No sé qué pasó en el mundo para que a partir de los setenta todo lo construido por el ser humano se volviese feo. El objeto más modesto que se nos pueda ocurrir era bonito hace décadas. Ahora, si quieres algo que no sea horrendo, debes de pagar un precio desorbitado.
Me envían unas fotografías de mi segundo colegio, por WhatsApp. Intento averiguar desde dónde se han tomado. Ato cabos. Los espantosos pegotes de colores estridentes descontextualizan tres edificios de dos alturas y líneas sencillas, conectados por pérgolas lisas. Se ha asfaltado lo que antes era tierra, no sea que los niños entren en contacto con algo que no haya sido procesado y deglutido. Que un sitio que no voy a volver a pisar jamás sea ahora un espanto no me preocupa. Que todo lo que nos rodea sea feo, sí.
Tengo un amigo que dice que dentro de veinte años no habrá ropa vintage porque toda nuestra producción habrá desaparecido. No creo que nadie la eche en falta.
A la mala calidad de nuestra ropa le sigue la mala calidad de nuestros enseres domésticos, y por supuesto la de los edificios. Cuando un gran empresario (de los que duermen a pierna suelta) te dice “no hay dinero” para hacer algo bien, en realidad quiere decir que, en caso de hacer las cosas bien, no ganaría suficiente dinero para satisfacer sus caprichos. Llego hasta un vídeo de Sainz de Oiza en el que los inquilinos de El Ruedo (ese inmenso palomar de la M-30 madrileña) se le echan encima por las peculiares medidas de las viviendas. “Deja la casa y hazte arquitecto. ¡A ver si lo haces mejor tú!”, explota Sainz de Oiza.
No dudo de que el prohombre hizo lo que pudo con lo que le dieron, pero tampoco dudo (porque lo sé) de las ínfimas calidades con las que se construían las viviendas de pobres, hablando claro. Con los años ha surgido algo nuevo, que es el impuesto por lo estético. Puedes comprar prácticamente lo que quieras (unas gafas, una tetera, una silla, un bolígrafo, una colcha), pero, si quieres que no sea un espanto, tienes que pagar un recargo por el diseño.

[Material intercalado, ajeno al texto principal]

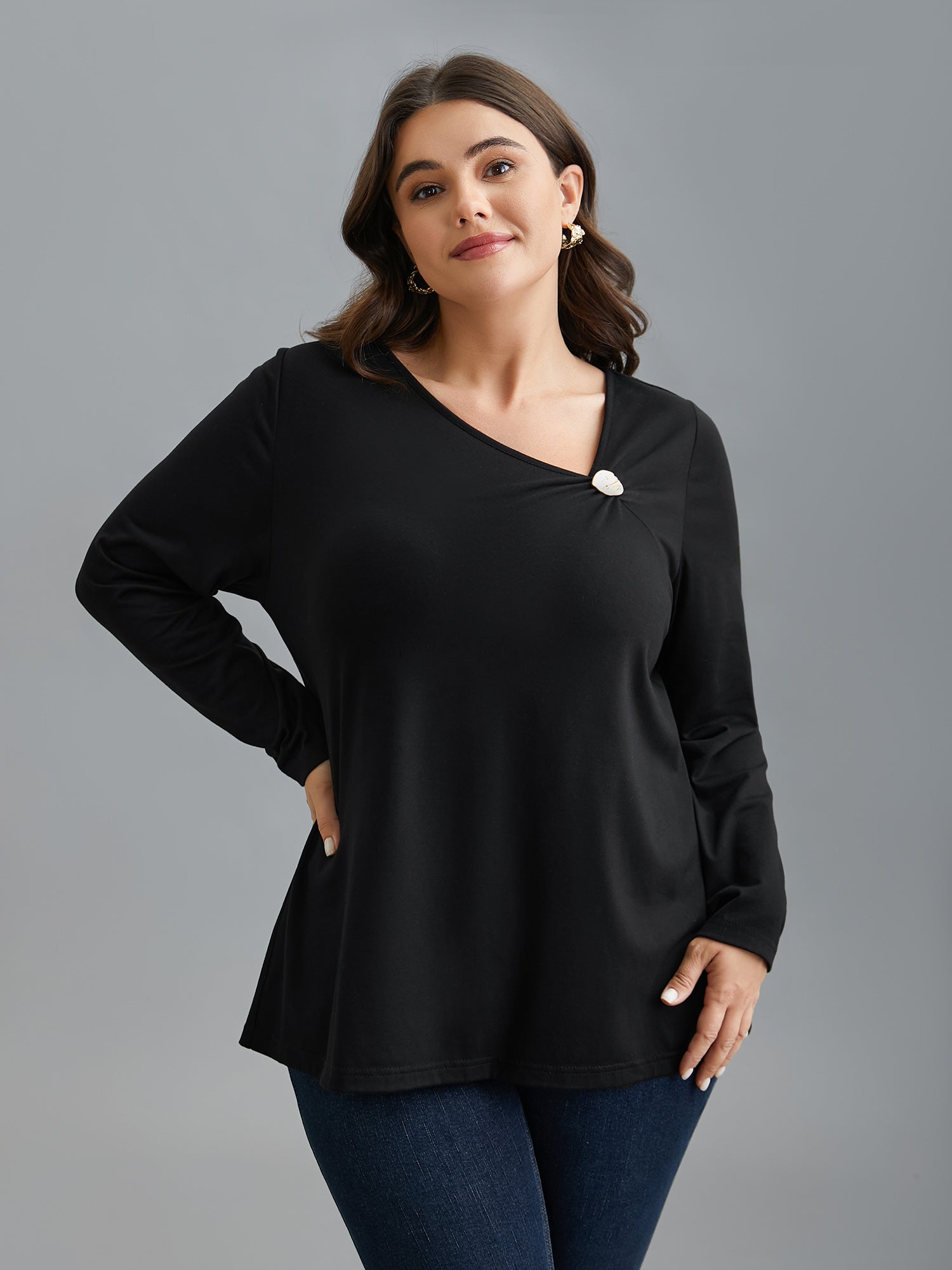 Supersoft Asymmetrical Neckline Stretchy Top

La línea entre lo feo y lo estético es muy fina, pero bastan unos minutos de observación de cualquier objeto para ver las diferencias: un borde curvado en una montura de gafa, un tono más suave en una tapicería… son toques mínimos.
Los noventa fueron los años en los que todo el mundo empezó a hablar de las cosas “de diseño”, y donde todo el mundo era “diseñador”. Ya a finales, los modernos se fueron al diseño gráfico, que se conoce que era más fácil que el diseño industrial. Cuando cojo la bicicleta y recorro el anillo verde, me paro por las nuevas construcciones y me pregunto por qué promotores y arquitectos han decidido hacer esos enormes cubos sin alféizares en las ventanas. Por qué esos parques sin tierra. Por qué esas rotondas. Esas putas rotondas. Me pregunto dónde están los arquitectos que soñaban con hacer edificios prácticos y bonitos. Por qué esos paneles metálicos de colores horrorosos. Por qué esos secarrales y descampados. Por qué todo tiene que estar patrocinado. En definitiva, me pregunto el porqué de todos estos desastres estéticos y éticos.
Me acuerdo del libro España fea, de Andrés Rubio. De los artículos de Mondo Brutto sobre libros y discos. Y también de un pequeño libro que tengo en casa llamado Arquitecturas perdidas (Arean, Vaquero, Casariego) dedicado a los maravillosos edificios que hubo en Madrid. Me pregunto cómo la humanidad abandonó la senda cuando ya había encontrado el candil para alumbrarla. Será la avaricia, supongo.